Wir konzentrieren uns zunächst darauf, was uns persönlich interessiert, was wir zeigen möchten und was wir als wichtig empfinden – aber auch darauf, was uns Spaß macht.

Unser Stück ist auch eine Art Übung: ein wohlwollender Versuch, einen Umgang mit Menschen aus dem familiären Umfeld zu finden, mit denen es nicht immer einfach ist. Im Idealfall gelingt es uns sogar, eine Methode zu vermitteln, die sich in der Realität anwenden lässt.

 

Wie seid ihr den Prozess der Stückentwicklung angegangen? Welche Inspirationen, Mittel und Erfahrungen haben euch dabei geholfen? Wie würdet ihr eure gemeinsame Arbeitsweise beschreiben?

Es handelt sich um ein autobiografisches Stück, weshalb persönliche Erfahrungen als Ausgangspunkt dienen. Zunächst haben wir grosse Textflächen mit Gedanken und Introspektionen geschrieben, mit denen wir dann gearbeitet haben. Natürlich gibt es auch viele künstlerische Werke, die ähnliche Dynamiken beschreiben – wir haben uns von Hip-Hop-Songs, Literatur und Gesprächen mit Freund*innen über ähnliche Erfahrungen inspirieren lassen.

Unsere Arbeit ist vor allem ein gemeinsamer Prozess: Anton steht auf der Bühne, Hannah übernimmt die Regie. Vieles entsteht durch Gespräche und gemeinsames Texten, bevor wir es auf der Bühne ausprobieren. Letztlich entwickelt sich vieles am Schreibtisch – und wird dann in der Praxis überprüft.

 

Was wünscht oder erhofft ihr euch als Teil der jungen, lokalen Nachwuchsszene – für euch selbst und für andere?

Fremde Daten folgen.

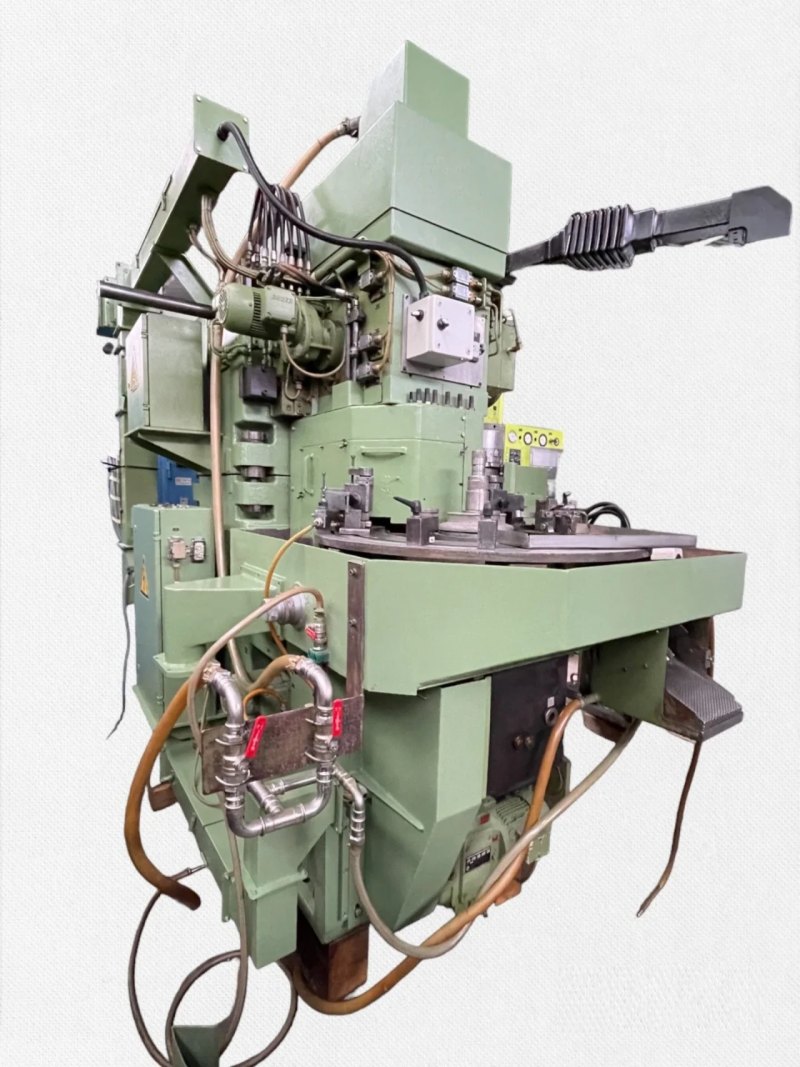 022694 - DISKUS DDS 457 II CRA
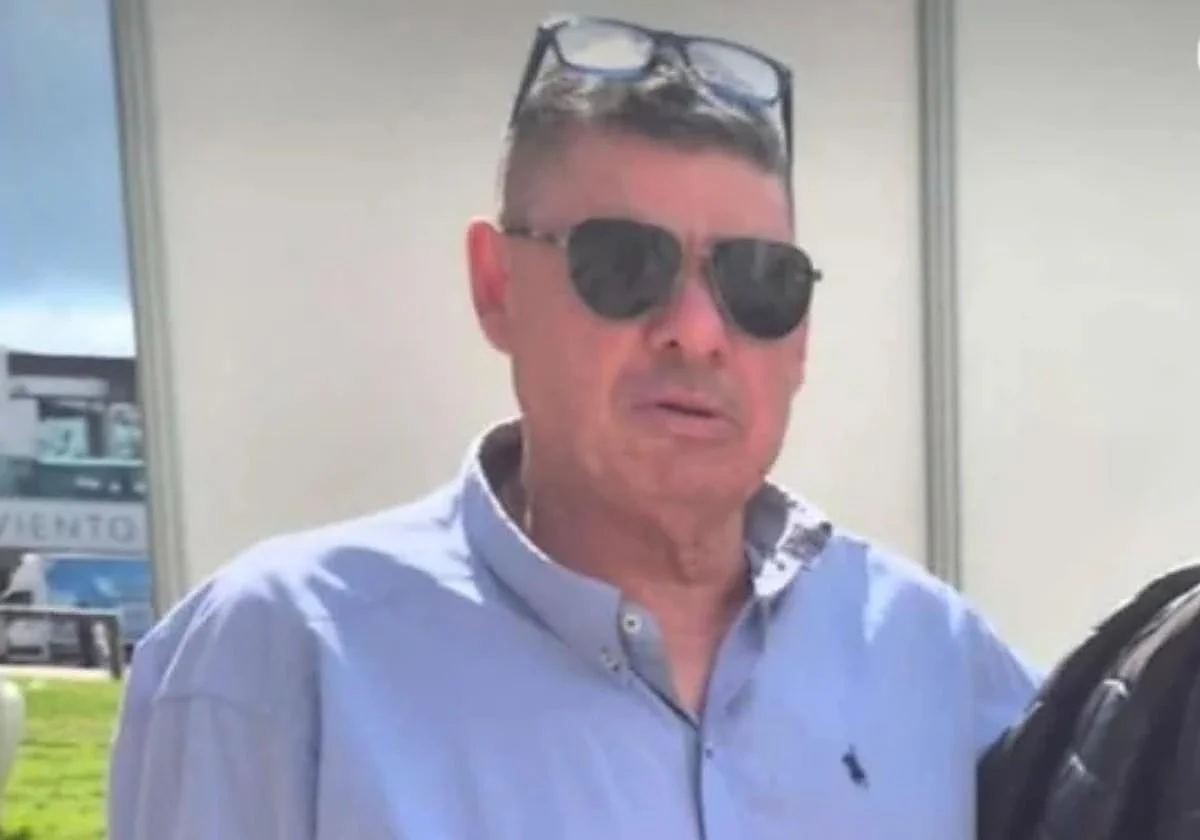 Jesús Tavira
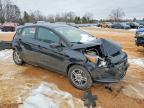 2017 Ford Fiesta se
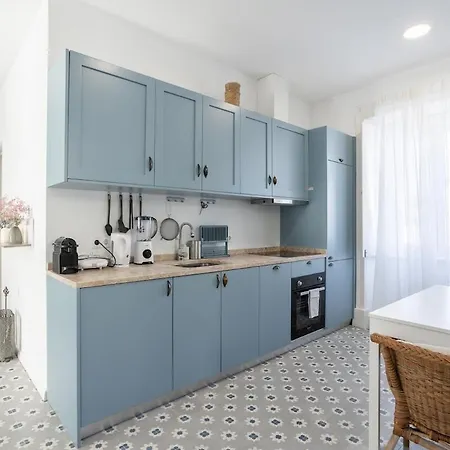Apartment Charming And Cozy Estoril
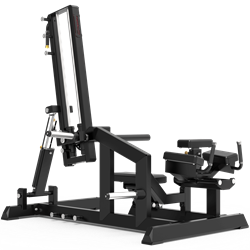 Impulse ECP625 глют машина (Ягодичные) профессиональный тренажер - фото 86489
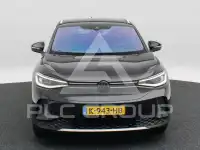 2020 Volkswagen ID 4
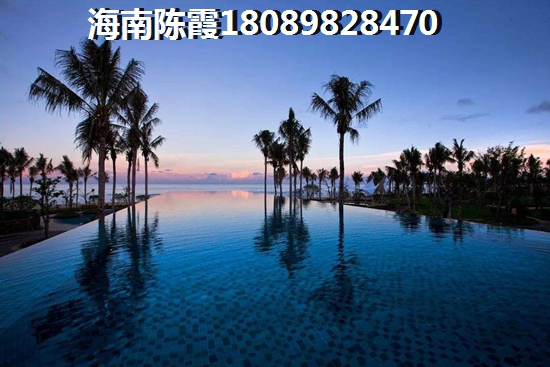 临高马袅湾房子越来越少~1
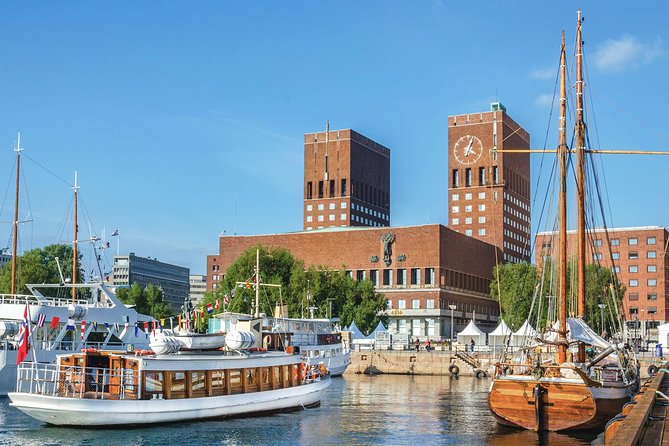 Oslo: Private Half-Day Sightseeing Tour (4 Hours) - Scenic Stops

Wir wünschen und erhoffen uns, tolle Menschen kennenzulernen, mit denen wir zusammenarbeiten möchten, sowie Zeit und Räume, um kreativ gestalten zu können. Außerdem wünschen wir uns ausreichende Förderung, um unsere Projekte realisieren zu können.

 

Wo seht ihr Verbesserungspotenzial in der Förderung des lokalen Nachwuchses?

Ein Vorschlag an etablierte Gruppen: Wenn ihr euch eine Assistenz leisten könnt, teilt die klassische Assistenzarbeit untereinander auf und schafft stattdessen eine „Nachwuchs-Stelle“. Die Person kann sich ein Gewerk aussuchen, in dem sie dann mit der jeweiligen Gewerksleitung möglichst auf Augenhöhe zusammenarbeitet und aktiv mitgestaltet.

Es sollte nicht nur um Zuarbeit oder ein bisschen Mitreden gehen, sondern um eine echte künstlerische Förderung. Denkbar wäre auch eine Art Mentoring-Programm innerhalb von Produktionen. In manchen Fällen geschieht das bereits organisch, doch eine gezielte strukturelle Förderung wäre wünschenswert.

 

Alle Gewinner*innen der Tankstelle Bühne 2025 zeigen ihre Produktionen am 2. und 3. Mai im Südpol.